Chris survived 112 days in the Denali area. But after eating some moldy wild potato seeds, he became sick and died of stavation. Krakauer surmises that McCandless died from the mold (Rhizoctonia leguminicola) which "produces a potent alkaloid called swainsonine" which also is known to kill livestock who eat damp forage.
The book also digresses a few times and devotes chapters to other adventures. One chapter discusses other men who have tried face the land of Alaska alone. Some failed while others succeded. He also devotes a chapter to Everett Ruess, who similiar to McCandless, lived off the land (in Utah and Arizona), but who disappeared and nothing is known of his death (if indeed he died).
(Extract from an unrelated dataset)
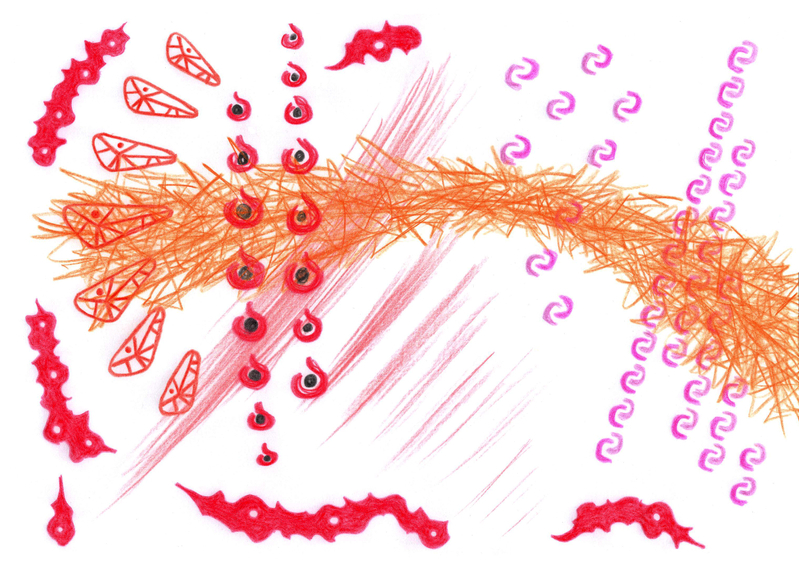 #オリジナル#創作#創作イラスト#アナログ#アナログイラスト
The author also sets aside one chapter to explain his fight with the Devil's Thumb ... a legendary mountain in Alaska.
The one thing that bothered me about the book was how the author took his sweet time in telling the story. He digressed quite a few times to explain the lives of other adventurers like McCandless. He also injected quite a bit of personal history into the book too. But once I realized he was going to do this, I just sat back and enjoyed the ride.
What amazes me is that there are a lot of people who wander. There seems to be a whole culture around hitch hiking, living off the land and having little or no possessions. If ever there is a nuclear holocaust and these people are the only ones who survive, our new civilization will be quite different from the one we live in today.